**Data supplied**
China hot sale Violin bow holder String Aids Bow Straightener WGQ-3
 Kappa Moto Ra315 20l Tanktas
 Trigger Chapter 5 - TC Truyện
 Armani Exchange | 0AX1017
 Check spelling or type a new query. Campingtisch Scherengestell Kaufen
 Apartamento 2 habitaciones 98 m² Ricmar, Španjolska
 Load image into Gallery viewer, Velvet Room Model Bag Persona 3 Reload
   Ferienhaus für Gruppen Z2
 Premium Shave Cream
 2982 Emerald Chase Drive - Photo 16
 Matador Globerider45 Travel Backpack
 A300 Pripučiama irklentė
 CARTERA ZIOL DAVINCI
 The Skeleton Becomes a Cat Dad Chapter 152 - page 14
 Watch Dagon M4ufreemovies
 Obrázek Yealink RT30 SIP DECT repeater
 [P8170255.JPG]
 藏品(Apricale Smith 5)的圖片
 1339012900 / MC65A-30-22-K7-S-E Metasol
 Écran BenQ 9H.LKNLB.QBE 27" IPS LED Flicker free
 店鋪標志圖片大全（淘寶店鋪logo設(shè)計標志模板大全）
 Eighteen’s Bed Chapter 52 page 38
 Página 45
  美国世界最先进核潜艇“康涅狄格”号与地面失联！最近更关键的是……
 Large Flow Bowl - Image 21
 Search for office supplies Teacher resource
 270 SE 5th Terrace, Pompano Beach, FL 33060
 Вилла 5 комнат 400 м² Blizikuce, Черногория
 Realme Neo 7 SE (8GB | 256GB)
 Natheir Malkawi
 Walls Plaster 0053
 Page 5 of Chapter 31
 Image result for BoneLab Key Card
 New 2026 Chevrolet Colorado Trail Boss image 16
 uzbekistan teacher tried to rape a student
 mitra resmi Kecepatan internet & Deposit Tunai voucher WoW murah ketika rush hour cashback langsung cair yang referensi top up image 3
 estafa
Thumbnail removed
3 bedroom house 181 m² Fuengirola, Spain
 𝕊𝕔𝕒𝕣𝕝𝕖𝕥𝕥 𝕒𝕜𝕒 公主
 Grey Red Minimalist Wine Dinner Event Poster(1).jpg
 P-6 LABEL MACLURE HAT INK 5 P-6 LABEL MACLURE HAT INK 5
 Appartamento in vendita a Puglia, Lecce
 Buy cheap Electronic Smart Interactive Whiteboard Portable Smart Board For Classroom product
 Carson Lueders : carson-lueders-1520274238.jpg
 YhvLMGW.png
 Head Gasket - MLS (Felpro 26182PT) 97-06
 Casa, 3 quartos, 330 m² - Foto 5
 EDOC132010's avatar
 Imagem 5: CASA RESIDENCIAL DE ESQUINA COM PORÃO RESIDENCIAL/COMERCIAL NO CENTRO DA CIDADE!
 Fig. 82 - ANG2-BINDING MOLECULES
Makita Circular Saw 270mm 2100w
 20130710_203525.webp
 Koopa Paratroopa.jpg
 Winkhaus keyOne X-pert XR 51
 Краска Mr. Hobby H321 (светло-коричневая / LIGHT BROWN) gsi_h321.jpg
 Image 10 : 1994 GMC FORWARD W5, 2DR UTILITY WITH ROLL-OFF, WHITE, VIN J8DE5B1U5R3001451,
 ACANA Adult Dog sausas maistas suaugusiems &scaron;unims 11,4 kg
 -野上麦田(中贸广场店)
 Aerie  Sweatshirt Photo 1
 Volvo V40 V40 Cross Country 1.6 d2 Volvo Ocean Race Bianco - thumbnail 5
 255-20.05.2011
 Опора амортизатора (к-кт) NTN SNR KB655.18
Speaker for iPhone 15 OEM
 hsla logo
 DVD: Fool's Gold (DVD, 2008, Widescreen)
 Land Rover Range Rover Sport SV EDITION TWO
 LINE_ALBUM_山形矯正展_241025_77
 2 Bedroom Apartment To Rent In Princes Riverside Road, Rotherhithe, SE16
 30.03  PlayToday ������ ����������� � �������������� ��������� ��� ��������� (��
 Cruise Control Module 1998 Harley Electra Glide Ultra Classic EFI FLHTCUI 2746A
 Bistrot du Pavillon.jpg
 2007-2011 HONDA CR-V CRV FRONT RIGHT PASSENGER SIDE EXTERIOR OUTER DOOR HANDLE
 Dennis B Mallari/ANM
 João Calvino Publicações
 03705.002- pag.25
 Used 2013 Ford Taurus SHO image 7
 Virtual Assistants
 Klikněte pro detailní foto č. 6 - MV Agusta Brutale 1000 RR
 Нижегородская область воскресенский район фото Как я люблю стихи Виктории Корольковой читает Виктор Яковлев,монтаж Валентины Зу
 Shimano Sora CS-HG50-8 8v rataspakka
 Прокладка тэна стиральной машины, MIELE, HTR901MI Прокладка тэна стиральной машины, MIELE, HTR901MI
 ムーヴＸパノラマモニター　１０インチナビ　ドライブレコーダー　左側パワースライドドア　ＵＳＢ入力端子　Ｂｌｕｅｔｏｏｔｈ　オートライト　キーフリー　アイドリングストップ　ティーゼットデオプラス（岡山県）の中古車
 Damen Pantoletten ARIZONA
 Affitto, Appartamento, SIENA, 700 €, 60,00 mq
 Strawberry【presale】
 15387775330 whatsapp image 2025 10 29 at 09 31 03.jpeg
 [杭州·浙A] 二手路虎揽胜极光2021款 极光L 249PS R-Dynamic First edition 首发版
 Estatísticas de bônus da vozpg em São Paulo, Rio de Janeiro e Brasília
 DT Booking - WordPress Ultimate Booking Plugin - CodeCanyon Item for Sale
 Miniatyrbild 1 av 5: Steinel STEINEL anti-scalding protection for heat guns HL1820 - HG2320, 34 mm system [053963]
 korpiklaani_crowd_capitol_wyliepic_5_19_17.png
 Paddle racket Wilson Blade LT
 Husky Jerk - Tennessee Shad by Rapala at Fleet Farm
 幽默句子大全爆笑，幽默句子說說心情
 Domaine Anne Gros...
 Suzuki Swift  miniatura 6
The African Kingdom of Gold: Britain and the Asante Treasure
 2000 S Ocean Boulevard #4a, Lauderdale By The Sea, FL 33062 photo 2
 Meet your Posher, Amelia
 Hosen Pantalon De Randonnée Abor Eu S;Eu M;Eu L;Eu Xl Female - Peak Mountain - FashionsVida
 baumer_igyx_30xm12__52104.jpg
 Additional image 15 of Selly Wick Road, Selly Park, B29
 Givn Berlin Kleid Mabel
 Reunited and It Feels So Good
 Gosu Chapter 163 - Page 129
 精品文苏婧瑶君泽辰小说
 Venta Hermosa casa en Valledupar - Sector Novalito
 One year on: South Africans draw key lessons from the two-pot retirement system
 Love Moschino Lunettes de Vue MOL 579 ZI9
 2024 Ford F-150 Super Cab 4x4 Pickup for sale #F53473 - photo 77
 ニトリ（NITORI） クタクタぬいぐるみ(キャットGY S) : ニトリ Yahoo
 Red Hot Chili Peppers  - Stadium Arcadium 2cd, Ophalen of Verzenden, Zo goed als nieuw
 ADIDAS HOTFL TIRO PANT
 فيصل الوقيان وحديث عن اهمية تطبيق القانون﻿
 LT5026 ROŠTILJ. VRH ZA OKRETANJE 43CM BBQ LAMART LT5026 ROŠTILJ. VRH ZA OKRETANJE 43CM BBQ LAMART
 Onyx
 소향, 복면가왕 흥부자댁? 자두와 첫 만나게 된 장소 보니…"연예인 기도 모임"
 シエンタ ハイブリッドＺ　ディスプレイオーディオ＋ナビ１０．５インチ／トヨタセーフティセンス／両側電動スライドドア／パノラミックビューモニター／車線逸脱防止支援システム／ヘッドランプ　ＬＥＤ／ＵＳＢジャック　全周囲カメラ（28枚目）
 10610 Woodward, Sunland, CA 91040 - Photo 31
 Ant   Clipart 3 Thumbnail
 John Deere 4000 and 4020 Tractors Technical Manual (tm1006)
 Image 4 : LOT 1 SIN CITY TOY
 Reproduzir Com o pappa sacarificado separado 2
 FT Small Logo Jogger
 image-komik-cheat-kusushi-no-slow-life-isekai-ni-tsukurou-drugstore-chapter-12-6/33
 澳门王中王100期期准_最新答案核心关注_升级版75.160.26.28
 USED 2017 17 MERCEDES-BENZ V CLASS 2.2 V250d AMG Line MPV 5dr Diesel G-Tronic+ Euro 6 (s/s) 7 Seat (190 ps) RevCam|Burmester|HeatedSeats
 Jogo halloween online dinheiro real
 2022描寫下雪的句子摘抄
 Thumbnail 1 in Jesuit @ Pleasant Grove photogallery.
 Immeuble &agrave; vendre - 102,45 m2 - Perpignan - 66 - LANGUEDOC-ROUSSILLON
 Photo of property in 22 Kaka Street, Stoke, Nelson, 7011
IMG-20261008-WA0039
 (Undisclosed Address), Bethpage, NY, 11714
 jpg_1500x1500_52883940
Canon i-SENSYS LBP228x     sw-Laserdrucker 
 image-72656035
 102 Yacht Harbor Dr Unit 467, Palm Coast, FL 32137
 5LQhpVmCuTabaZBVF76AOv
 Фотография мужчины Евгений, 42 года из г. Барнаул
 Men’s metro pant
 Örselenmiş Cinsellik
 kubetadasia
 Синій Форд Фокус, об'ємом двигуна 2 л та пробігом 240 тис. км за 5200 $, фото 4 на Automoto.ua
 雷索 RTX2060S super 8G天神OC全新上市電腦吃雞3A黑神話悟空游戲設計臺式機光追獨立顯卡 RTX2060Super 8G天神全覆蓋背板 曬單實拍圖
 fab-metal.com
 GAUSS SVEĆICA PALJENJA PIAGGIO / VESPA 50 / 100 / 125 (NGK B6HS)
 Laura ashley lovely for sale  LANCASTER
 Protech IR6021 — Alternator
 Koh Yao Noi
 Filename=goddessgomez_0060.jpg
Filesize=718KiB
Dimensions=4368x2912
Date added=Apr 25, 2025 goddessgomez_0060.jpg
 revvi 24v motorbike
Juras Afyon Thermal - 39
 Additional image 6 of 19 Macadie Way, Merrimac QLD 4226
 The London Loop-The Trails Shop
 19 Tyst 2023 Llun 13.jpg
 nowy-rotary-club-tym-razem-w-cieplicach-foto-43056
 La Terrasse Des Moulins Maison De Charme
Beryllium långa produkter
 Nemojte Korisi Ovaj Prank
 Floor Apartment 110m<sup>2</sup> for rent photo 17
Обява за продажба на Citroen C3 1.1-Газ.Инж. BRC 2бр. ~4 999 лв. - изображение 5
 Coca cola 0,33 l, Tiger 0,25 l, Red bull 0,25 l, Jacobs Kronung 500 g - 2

**Exercise**
Please reproduce exactly the lines in the listing above from the one containing "Eighteen’s Bed Chapter 52 page 38" through the one containing "Image result for BoneLab Key Card", both included, and nothing more.

**Your solution**
 Eighteen’s Bed Chapter 52 page 38
 Página 45
  美国世界最先进核潜艇“康涅狄格”号与地面失联！最近更关键的是……
 Large Flow Bowl - Image 21
 Search for office supplies Teacher resource
 270 SE 5th Terrace, Pompano Beach, FL 33060
 Вилла 5 комнат 400 м² Blizikuce, Черногория
 Realme Neo 7 SE (8GB | 256GB)
 Natheir Malkawi
 Walls Plaster 0053
 Page 5 of Chapter 31
 Image result for BoneLab Key Card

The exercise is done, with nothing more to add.